Last updated: 2021-07-14 18:51:15

    Overview

    Tencent Cloud provides the Cloud Monitor service for all users by default; therefore, you do not need to manually activate it. Cloud Monitor will start collecting monitoring data only after a Tencent Cloud product is used.

    CKafka allows you to monitor the resources created under your account, including instances, topics, and consumer groups, so that you can keep track of the status of your resources in real time. You can configure alarm rules for monitoring metrics. When a monitoring metric reaches the set alarm threshold, Cloud Monitor will notify you of exceptions in time via email, SMS, WeChat, phone, etc.

    Directions

    Configuring alarm policy

    The created alarm can determine whether an alarm notification should be sent based on the comparison between the monitoring metric and the given threshold in the selected time period. You can take appropriate precautionary or remedial measures in a timely manner when the alarm is triggered because the status of CKafka changes. Properly creating alarm policies can help improve the robustness and reliability of your applications.

    Note:

    Be sure to configure alarms for your instance to prevent exceptions caused by a sudden traffic spike or specification limits.

    1. Log in to the CKafka console.

    2. In the instance list, click Configure Alarms in the Operation column to go to the alarm configuration page.

    3. On the alarm configuration page, select a policy type and instance and set the alarm rule and notification template.

      • Policy Type: select CKafka.

      • Alarm Object: select the CKafka resource for which to configure the alarm policy.

      • Trigger Condition: you can select Select template or Configure manually. The latter is selected by default. For more information on manual configuration, please see the description below. For more information on how to create a template, please see Creating trigger condition template.

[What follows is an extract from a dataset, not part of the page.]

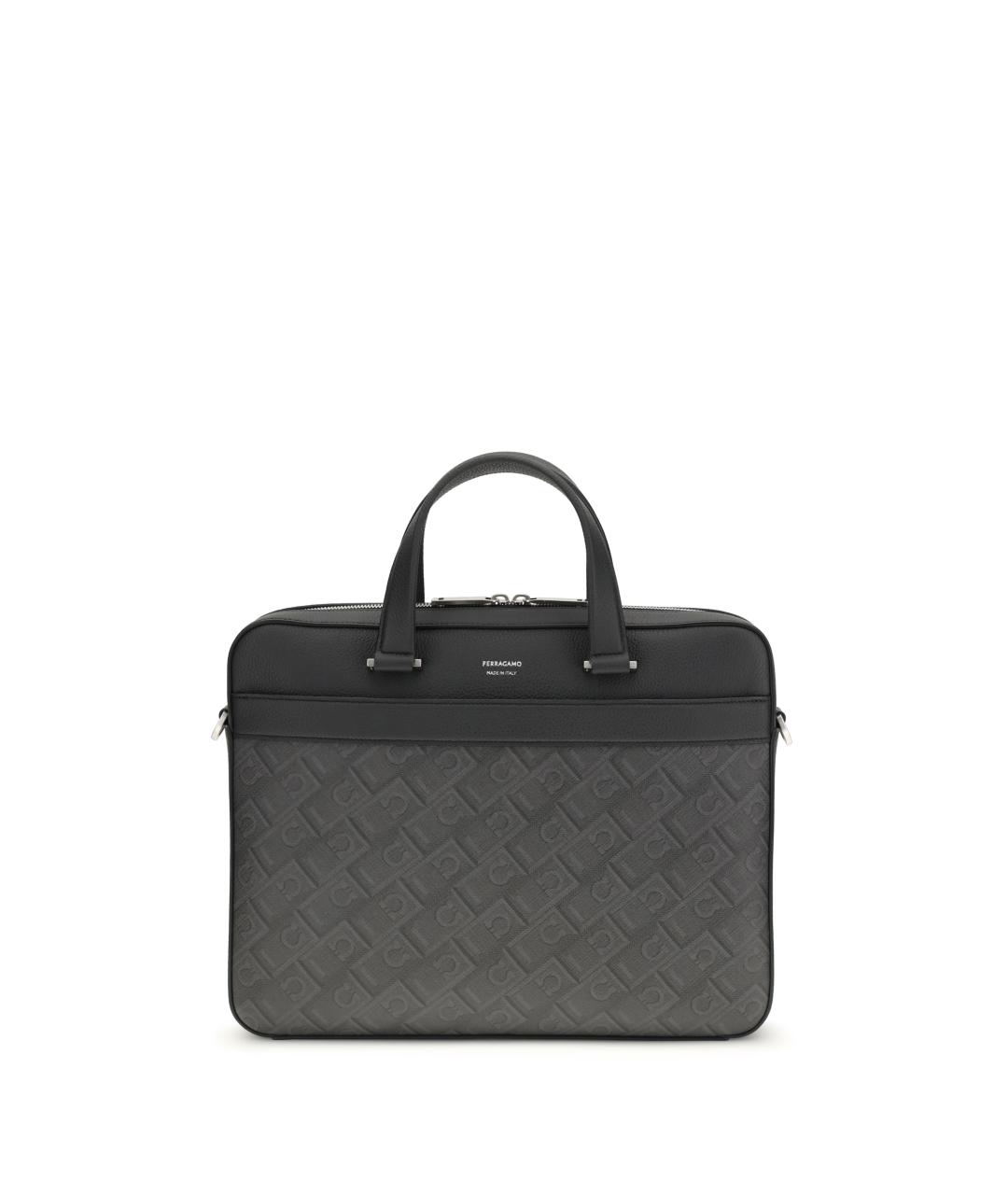 FERRAGAMO Черный кожаный портфель, фото 1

        • Metric: for example, if you select 1 minute as the statistical period for the "Disk Utilization" metric, then if the disk utilization exceeds the threshold for N consecutive data points, an alarm will be triggered.
        • Alarm Frequency: for example, "Alarm once every 30 minutes" means that there will be only one alarm triggered every 30 minutes if a metric exceeds the threshold in several consecutive statistical periods. Another alarm will be triggered only if the metric exceeds the threshold again in the next 30 minutes.

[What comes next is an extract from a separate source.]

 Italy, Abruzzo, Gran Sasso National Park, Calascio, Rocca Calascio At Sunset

        For metrics for which configuring an alarm policy is recommended, please see Monitoring Alarm Policies Recommended for CKafka.

      • Notification Template: you can select an existing notification template or create one to set the alarm recipient objects and receiving channels.

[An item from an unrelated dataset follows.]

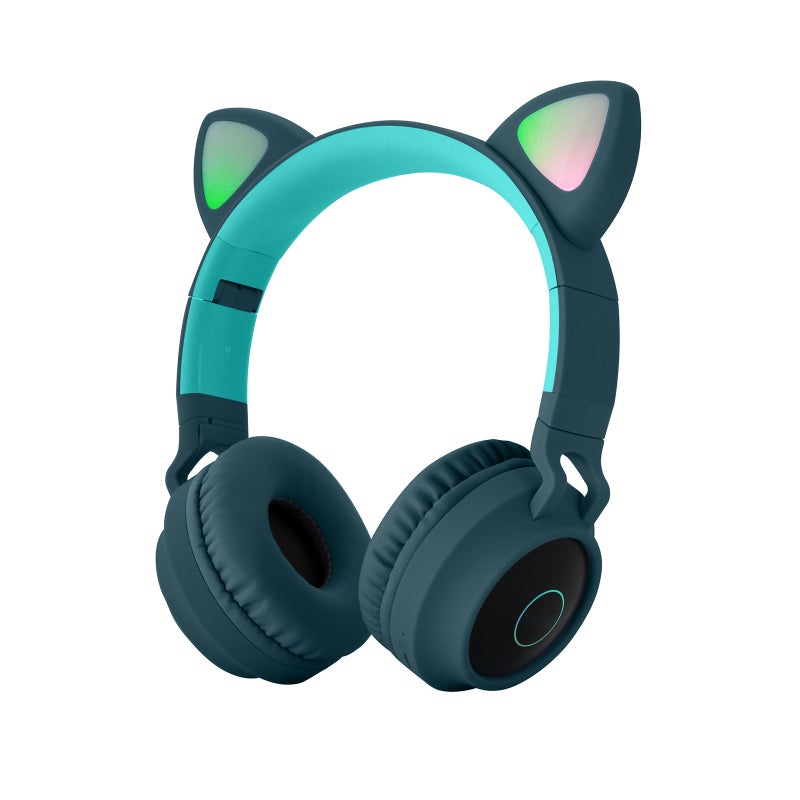 Glowing Cat Ear Headphones 40mm Driver BT5.3 Foldable Over Ear Headset - 7 Color Breathing Lights Multiple Playback Options Ergonomic Design for Kids Girls Cosplay Fans - Image 1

    4. Click Complete to complete the configuration.

    For more information on alarms, please see Creating Alarm Policy.

    Creating trigger condition template

    1. Log in to the Cloud Monitor console.
    2. On the left sidebar, click Trigger Condition Template to enter the trigger template list page.
    3. Click Create on the trigger template page.
    4. On the template creation page, configure the policy type.
      • Policy Type: select CKafka.
      • Use preset trigger condition: select this option and the system recommended alarm policy will be displayed.
    5. After confirming that everything is correct, click Save.
    6. Return to alarm policy creation page and click Refresh. The alarm policy template just configured will be displayed.

    For more information on metrics that may affect the business data stability, please see CKafka Data Reliability.

    Based on user feedback, we recommend you configure alarm policies in the following 3 dimensions (6 metrics in total) for CKafka, but you should configure them reasonably based on your actual business conditions.

    Instance monitoring:

    Monitoring Metric Description
    Production Peak Bandwidth (MB/s) Peak traffic generated when the instance produces messages (excluding the traffic generated by replicas).
    Consumption Peak Bandwidth (MB/s) Peak traffic generated when the instance consumes messages (there is no replica concept in consumption).
    Disk Utilization (%) Ratio of the currently used disk capacity to the total disk capacity of the instance in percentages.
    Number of Connections Number of connections between the client and server.

    Topic monitoring:

    Monitoring Metric Description
    Used Disk Capacity (MB) Total size of messages in the topic (excluding those produced by replicas) that actually use disk capacity, which is the latest value in the selected time granularity.

    Consumer group:

    Monitoring Metric Description
    Number of Unconsumed Messages Number of unconsumed messages in the consumer group.